## Requirement
Please write out all of the records below exactly as they appear.

## Dataset excerpts

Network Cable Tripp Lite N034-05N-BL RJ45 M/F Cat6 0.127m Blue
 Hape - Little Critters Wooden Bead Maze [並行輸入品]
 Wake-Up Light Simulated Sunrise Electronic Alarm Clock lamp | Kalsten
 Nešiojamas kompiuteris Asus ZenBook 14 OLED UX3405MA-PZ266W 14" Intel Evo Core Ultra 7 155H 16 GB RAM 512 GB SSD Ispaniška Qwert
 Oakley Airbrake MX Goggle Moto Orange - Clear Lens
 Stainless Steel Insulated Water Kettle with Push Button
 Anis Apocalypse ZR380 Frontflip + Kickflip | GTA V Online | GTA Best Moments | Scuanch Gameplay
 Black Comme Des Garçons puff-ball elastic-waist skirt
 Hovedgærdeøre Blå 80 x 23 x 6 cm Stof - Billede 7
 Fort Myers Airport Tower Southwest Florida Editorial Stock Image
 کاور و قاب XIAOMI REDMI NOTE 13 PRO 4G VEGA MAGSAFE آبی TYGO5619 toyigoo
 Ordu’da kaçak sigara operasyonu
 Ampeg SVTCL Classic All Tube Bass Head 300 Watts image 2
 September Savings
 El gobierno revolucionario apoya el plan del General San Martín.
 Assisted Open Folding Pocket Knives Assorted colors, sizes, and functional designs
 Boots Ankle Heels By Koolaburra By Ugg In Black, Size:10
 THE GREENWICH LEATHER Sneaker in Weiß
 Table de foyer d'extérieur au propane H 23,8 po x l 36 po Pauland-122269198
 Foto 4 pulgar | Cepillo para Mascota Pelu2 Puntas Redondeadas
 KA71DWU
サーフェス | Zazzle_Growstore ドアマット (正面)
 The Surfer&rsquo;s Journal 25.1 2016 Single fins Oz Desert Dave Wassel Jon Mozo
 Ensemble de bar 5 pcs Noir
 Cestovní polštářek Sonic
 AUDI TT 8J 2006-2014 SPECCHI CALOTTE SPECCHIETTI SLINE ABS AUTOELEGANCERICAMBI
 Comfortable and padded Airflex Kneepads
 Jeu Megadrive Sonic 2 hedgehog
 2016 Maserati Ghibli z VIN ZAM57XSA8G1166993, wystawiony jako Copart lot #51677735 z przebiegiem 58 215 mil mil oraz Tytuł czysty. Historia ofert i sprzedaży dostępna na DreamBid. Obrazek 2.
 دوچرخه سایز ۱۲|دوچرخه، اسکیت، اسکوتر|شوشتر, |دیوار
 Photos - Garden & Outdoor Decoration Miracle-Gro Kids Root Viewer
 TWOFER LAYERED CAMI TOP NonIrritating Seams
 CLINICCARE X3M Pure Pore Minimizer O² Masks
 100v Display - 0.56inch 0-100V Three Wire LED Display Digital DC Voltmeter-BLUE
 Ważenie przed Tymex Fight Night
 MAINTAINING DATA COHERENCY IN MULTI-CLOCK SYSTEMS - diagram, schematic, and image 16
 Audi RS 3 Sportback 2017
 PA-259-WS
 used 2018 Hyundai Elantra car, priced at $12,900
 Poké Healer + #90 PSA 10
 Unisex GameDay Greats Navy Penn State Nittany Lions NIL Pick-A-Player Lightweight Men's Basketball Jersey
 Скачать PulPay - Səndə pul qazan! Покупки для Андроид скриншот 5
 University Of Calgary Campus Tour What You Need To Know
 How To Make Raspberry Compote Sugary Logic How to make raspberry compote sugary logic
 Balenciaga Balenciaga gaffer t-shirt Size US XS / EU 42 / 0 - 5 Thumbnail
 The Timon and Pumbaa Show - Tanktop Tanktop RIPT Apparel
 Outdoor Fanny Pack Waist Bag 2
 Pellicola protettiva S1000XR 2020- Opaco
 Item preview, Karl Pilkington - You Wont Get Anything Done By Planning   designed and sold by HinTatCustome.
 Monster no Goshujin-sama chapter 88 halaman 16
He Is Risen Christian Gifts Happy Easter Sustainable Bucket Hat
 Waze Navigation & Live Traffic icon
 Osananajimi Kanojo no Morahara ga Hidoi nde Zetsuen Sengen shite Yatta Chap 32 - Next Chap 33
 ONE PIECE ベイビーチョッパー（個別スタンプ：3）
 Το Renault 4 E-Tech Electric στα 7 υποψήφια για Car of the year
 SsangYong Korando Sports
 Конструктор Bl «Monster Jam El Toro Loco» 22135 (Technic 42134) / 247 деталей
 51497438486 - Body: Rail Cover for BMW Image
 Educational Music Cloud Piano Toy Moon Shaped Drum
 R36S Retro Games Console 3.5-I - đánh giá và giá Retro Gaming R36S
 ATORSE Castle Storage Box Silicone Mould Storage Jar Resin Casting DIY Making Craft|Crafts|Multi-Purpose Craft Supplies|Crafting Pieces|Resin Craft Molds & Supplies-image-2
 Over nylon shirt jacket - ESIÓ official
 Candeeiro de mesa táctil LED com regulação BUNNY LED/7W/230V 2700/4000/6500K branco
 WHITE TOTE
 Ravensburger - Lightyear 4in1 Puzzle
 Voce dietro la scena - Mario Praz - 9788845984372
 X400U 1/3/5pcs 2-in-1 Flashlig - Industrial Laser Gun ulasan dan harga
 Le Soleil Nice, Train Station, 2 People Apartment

## Response area
Network Cable Tripp Lite N034-05N-BL RJ45 M/F Cat6 0.127m Blue
 Hape - Little Critters Wooden Bead Maze [並行輸入品]
 Wake-Up Light Simulated Sunrise Electronic Alarm Clock lamp | Kalsten
 Nešiojamas kompiuteris Asus ZenBook 14 OLED UX3405MA-PZ266W 14" Intel Evo Core Ultra 7 155H 16 GB RAM 512 GB SSD Ispaniška Qwert
 Oakley Airbrake MX Goggle Moto Orange - Clear Lens
 Stainless Steel Insulated Water Kettle with Push Button
 Anis Apocalypse ZR380 Frontflip + Kickflip | GTA V Online | GTA Best Moments | Scuanch Gameplay
 Black Comme Des Garçons puff-ball elastic-waist skirt
 Hovedgærdeøre Blå 80 x 23 x 6 cm Stof - Billede 7
 Fort Myers Airport Tower Southwest Florida Editorial Stock Image
 کاور و قاب XIAOMI REDMI NOTE 13 PRO 4G VEGA MAGSAFE آبی TYGO5619 toyigoo
 Ordu’da kaçak sigara operasyonu
 Ampeg SVTCL Classic All Tube Bass Head 300 Watts image 2
 September Savings
 El gobierno revolucionario apoya el plan del General San Martín.
 Assisted Open Folding Pocket Knives Assorted colors, sizes, and functional designs
 Boots Ankle Heels By Koolaburra By Ugg In Black, Size:10
 THE GREENWICH LEATHER Sneaker in Weiß
 Table de foyer d'extérieur au propane H 23,8 po x l 36 po Pauland-122269198
 Foto 4 pulgar | Cepillo para Mascota Pelu2 Puntas Redondeadas
 KA71DWU
サーフェス | Zazzle_Growstore ドアマット (正面)
 The Surfer&rsquo;s Journal 25.1 2016 Single fins Oz Desert Dave Wassel Jon Mozo
 Ensemble de bar 5 pcs Noir
 Cestovní polštářek Sonic
 AUDI TT 8J 2006-2014 SPECCHI CALOTTE SPECCHIETTI SLINE ABS AUTOELEGANCERICAMBI
 Comfortable and padded Airflex Kneepads
 Jeu Megadrive Sonic 2 hedgehog
 2016 Maserati Ghibli z VIN ZAM57XSA8G1166993, wystawiony jako Copart lot #51677735 z przebiegiem 58 215 mil mil oraz Tytuł czysty. Historia ofert i sprzedaży dostępna na DreamBid. Obrazek 2.
 دوچرخه سایز ۱۲|دوچرخه، اسکیت، اسکوتر|شوشتر, |دیوار
 Photos - Garden & Outdoor Decoration Miracle-Gro Kids Root Viewer
 TWOFER LAYERED CAMI TOP NonIrritating Seams
 CLINICCARE X3M Pure Pore Minimizer O² Masks
 100v Display - 0.56inch 0-100V Three Wire LED Display Digital DC Voltmeter-BLUE
 Ważenie przed Tymex Fight Night
 MAINTAINING DATA COHERENCY IN MULTI-CLOCK SYSTEMS - diagram, schematic, and image 16
 Audi RS 3 Sportback 2017
 PA-259-WS
 used 2018 Hyundai Elantra car, priced at $12,900
 Poké Healer + #90 PSA 10
 Unisex GameDay Greats Navy Penn State Nittany Lions NIL Pick-A-Player Lightweight Men's Basketball Jersey
 Скачать PulPay - Səndə pul qazan! Покупки для Андроид скриншот 5
 University Of Calgary Campus Tour What You Need To Know
 How To Make Raspberry Compote Sugary Logic How to make raspberry compote sugary logic
 Balenciaga Balenciaga gaffer t-shirt Size US XS / EU 42 / 0 - 5 Thumbnail
 The Timon and Pumbaa Show - Tanktop Tanktop RIPT Apparel
 Outdoor Fanny Pack Waist Bag 2
 Pellicola protettiva S1000XR 2020- Opaco
 Item preview, Karl Pilkington - You Wont Get Anything Done By Planning   designed and sold by HinTatCustome.
 Monster no Goshujin-sama chapter 88 halaman 16
He Is Risen Christian Gifts Happy Easter Sustainable Bucket Hat
 Waze Navigation & Live Traffic icon
 Osananajimi Kanojo no Morahara ga Hidoi nde Zetsuen Sengen shite Yatta Chap 32 - Next Chap 33
 ONE PIECE ベイビーチョッパー（個別スタンプ：3）
 Το Renault 4 E-Tech Electric στα 7 υποψήφια για Car of the year
 SsangYong Korando Sports
 Конструктор Bl «Monster Jam El Toro Loco» 22135 (Technic 42134) / 247 деталей
 51497438486 - Body: Rail Cover for BMW Image
 Educational Music Cloud Piano Toy Moon Shaped Drum
 R36S Retro Games Console 3.5-I - đánh giá và giá Retro Gaming R36S
 ATORSE Castle Storage Box Silicone Mould Storage Jar Resin Casting DIY Making Craft|Crafts|Multi-Purpose Craft Supplies|Crafting Pieces|Resin Craft Molds & Supplies-image-2
 Over nylon shirt jacket - ESIÓ official
 Candeeiro de mesa táctil LED com regulação BUNNY LED/7W/230V 2700/4000/6500K branco
 WHITE TOTE
 Ravensburger - Lightyear 4in1 Puzzle
 Voce dietro la scena - Mario Praz - 9788845984372
 X400U 1/3/5pcs 2-in-1 Flashlig - Industrial Laser Gun ulasan dan harga
 Le Soleil Nice, Train Station, 2 People Apartment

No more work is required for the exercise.